It looks as if someone within the government is flying a kite to see what reaction there might be to the ending of the Carbon Reduction Commitment (CRC).
This article appeared at the weekend, suggesting that CRC could be merged with other taxes following the publication of a number of so-called “discussion papers” for the 5,000 companies due to be affected.
As the piece points out, the news that more changes could be on the way will cast more confusion over the tax, which has been criticised for baffling businesses. It’s said, however, that doing away with the CRC would not necessarily mean that companies would have to pay less because its intended effects could be included in another green tax covering a wider number of businesses.
This year’s Budget is being held on March 23rd, and I’m told the future of CRC could be up for discussion in government circles around a week before, leading to the possibility that an announcement about the future of CRC – and a new green tax? – could be made in the Budget.
CRC was originally meant to reward companies for reducing their emissions and penalise those who failed to do so.
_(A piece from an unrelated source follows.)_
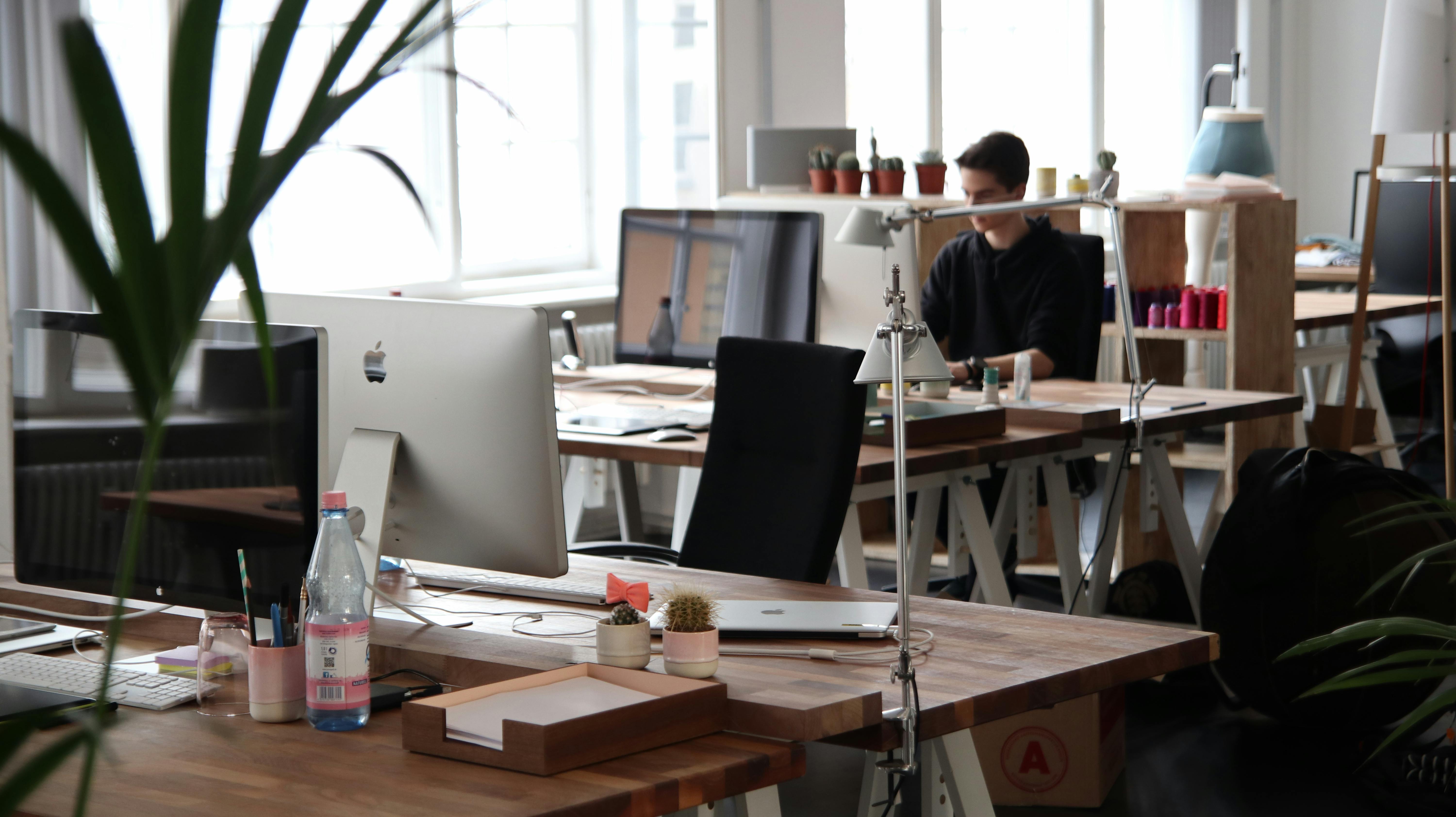 A person sitting in front of a computer | Source: Pexels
But the Treasury seemed to pull rank on the Department of Energy and Climate Change when it decided to, as the article points out, ‘pocket the proceeds meant to go to good performers in order to help reduce the deficit.’
There is a degree of frustration about the government’s dithering over CRC, not least from companies who in good faith are trying to develop services around it, but find themselves twisting in the wind as the government goes back and forth over its future. Leaks like the one at the weekend don’t help them. And they certainly don’t help organisations – and particularly their CIOs and Finance Directors – looking for some policy certainty going forwards.